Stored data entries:
--- START ---
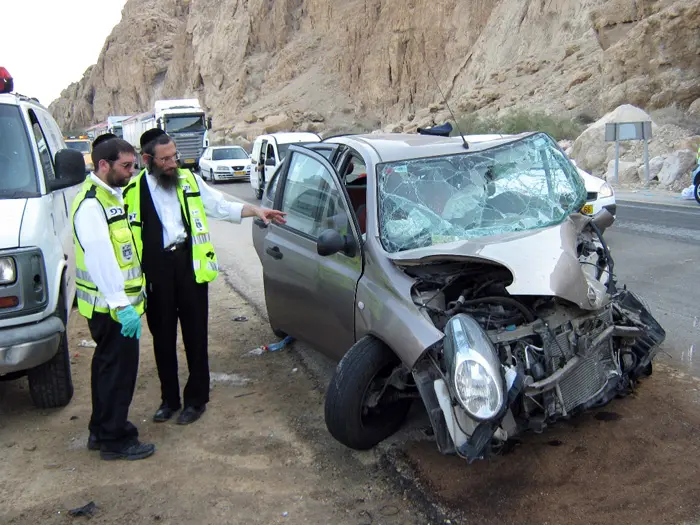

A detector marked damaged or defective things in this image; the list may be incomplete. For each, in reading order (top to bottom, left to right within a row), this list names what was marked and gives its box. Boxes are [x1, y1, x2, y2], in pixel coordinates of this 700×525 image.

crumpled hood [0, 199, 26, 250]
severely damaged car [250, 130, 660, 458]
shattered windshield [378, 132, 584, 253]
crumpled hood [392, 215, 608, 310]
broken headlight [442, 314, 504, 420]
--- END ---
WHAT IS EXPECTED.
For each line above, output its wording exactly and leave out any picture.

RESULT OF THE EXERCISE.
A detector marked damaged or defective things in this image; the list may be incomplete. For each, in reading order (top to bottom, left to right within a row), this list names what was marked and gives its box. Boxes are [x1, y1, x2, y2], in pixel coordinates of this 700×525 image.

crumpled hood [0, 199, 26, 250]
severely damaged car [250, 130, 660, 458]
shattered windshield [378, 132, 584, 253]
crumpled hood [392, 215, 608, 310]
broken headlight [442, 314, 504, 420]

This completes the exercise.